Thursday, October 20, 2005

Carrie Throws a Fit

HEY DOES ANYONE READ THIS ANYMORE?!?

I know I only have, like, three dedicated readers anyway, but that in NO way gives you an excuse to quit leaving comments.

Geez.

Monday, October 17, 2005

In Which I Admit to Being a Groupie, and Dude, I'm Totally Not Ashamed So Back Off Would You?

I tend to frequent Workplay quite often to support the struggling artists in the local area that are just trying to make it in the big bad music industry. Most of my visits are just a chance to relax and enjoy some good music. Nothing more and nothing less. Then, one late September evening, a typical visit to my favorite spot in town changed my life.

I met my future husband.



Sam Thacker, from the moment you looked down into my eyes from the stage, with that sexy sexy guitar in your hands, I just knew it was meant to be.

Will you marry me?



Look I even bought a shirt. And it can totally be changed to say Mrs. Sam Thacker once we are married. How CUTE is that?

Okay, seriously Sam, when should we set the date?

Wednesday, October 05, 2005

The Magic Answer is Chewy Granola Bars Of Course

I took a super huge accounting test today. We only have three tests in there, so it was pretty important. I have decided that I like accounting and could possibly want to major in it. I have two requirements for my future job:
  1. I want to make a lot of money.
  2. I want to wear a suit or business clothes every day.
Accounting has a lot of potential to fill my requirements. Some of you may think that I am not taking the whole "decide your whole life thing" seriously enough. But when you are perhaps the most indecisive person on the planet, you tend to go to crazy lengths to actually make a decision. I mean, I decided to go to UAB because I liked the freshman dorm, and that worked out. If I can make a random choice about a college, why not a career?
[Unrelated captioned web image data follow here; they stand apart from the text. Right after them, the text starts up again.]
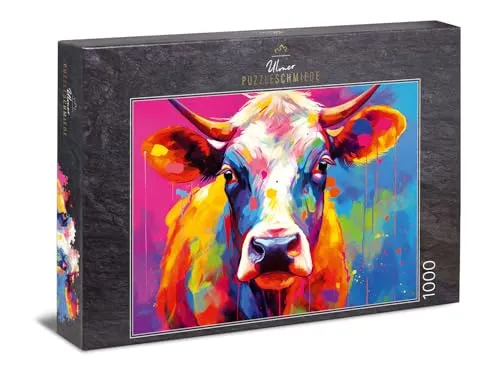 Ulmer Puzzleschmiede - 1000 Teile Kühe-Puzzle Buntes MUH - Farbenfrohes Kuh-Portrait vor abstraktem Hintergrund - Tiere-Puzzle mit Qualität Made in Germany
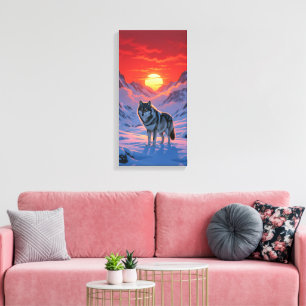 Lone Wolf Stands Against The Sunset Canvas Print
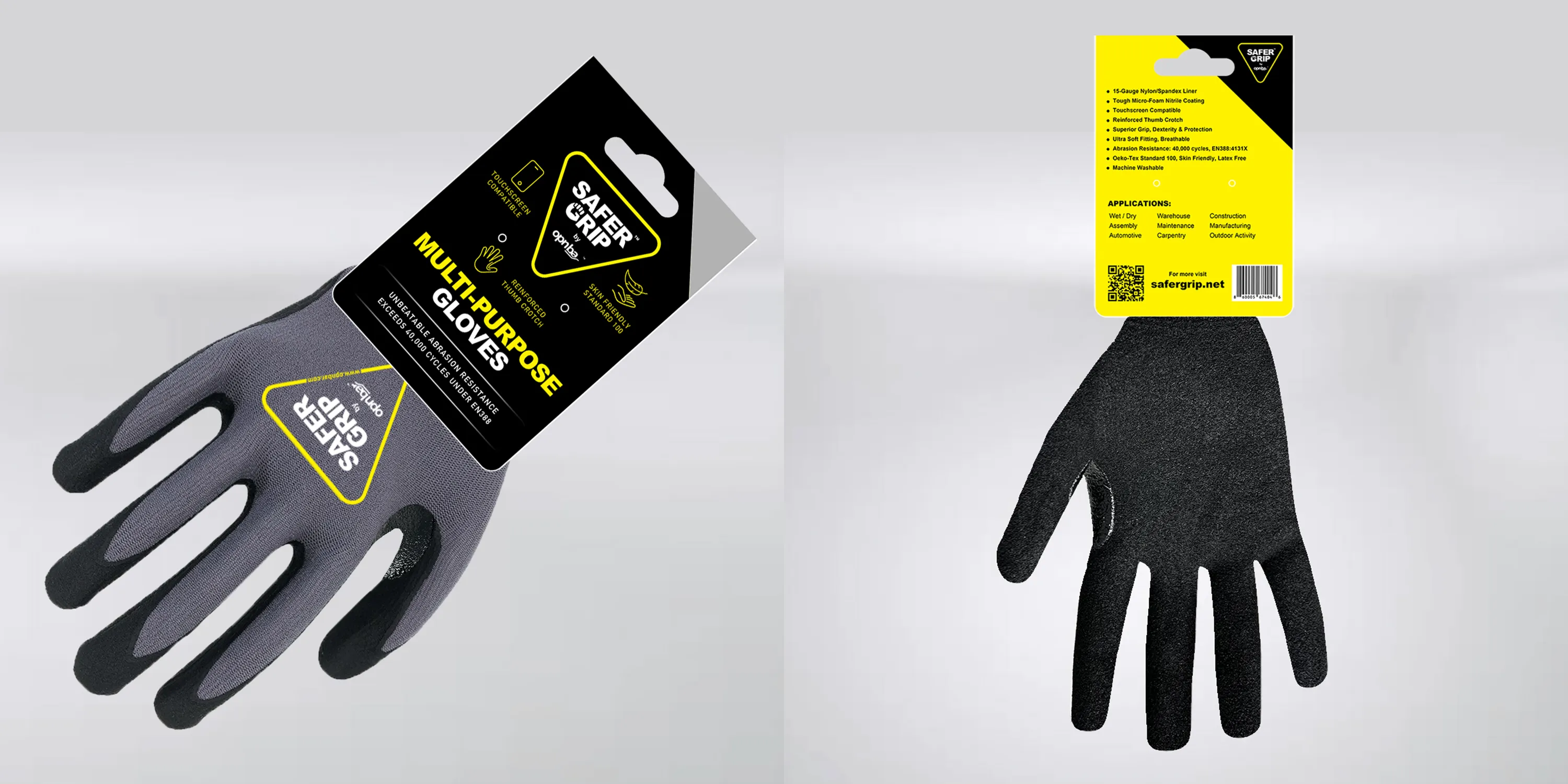 Truck Driver Gloves - Nitrile Coated Gloves with Touchscreen - Safer Grip by OPNBAR™ (2-Pack)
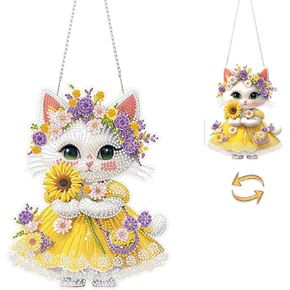 Eiflow Diamond Art Hanging Kit for Adult Cat, DIY Double Sided Acrylic Diamonds Painting Ornament Pendant Board Kit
I have been having a lot of trouble with the whole "timeline" of events that are supposed to occur when a person reaches my approximate age. I feel like I am being forced to make decisions that I am not mature enough to make just because this is the typical age that people expect you to make these decisions. I really don't know what else I would do if I weren't in college. I can't just hang out and do nothing. And God forbid if I ever have to work at a mediocre waitressing job again. But still, I feel so pressured and rushed. I am a little scared of commitment in general. It seems like a wonderful idea to be certain of people and events in your life, and I am quite sure that I will want it someday. But now I look back on so many failed ideas and failed relationships. I have gone from wanting to be a pharmacist, to nursing, to psychology, to pre-law. During that time, it was right for me. The feeling of "rightness" felt completely real. How do I know that this feeling of rightness will not pass? How many times can I be so certain of something before I change my mind once again? When will I experience the real feeling of rightness?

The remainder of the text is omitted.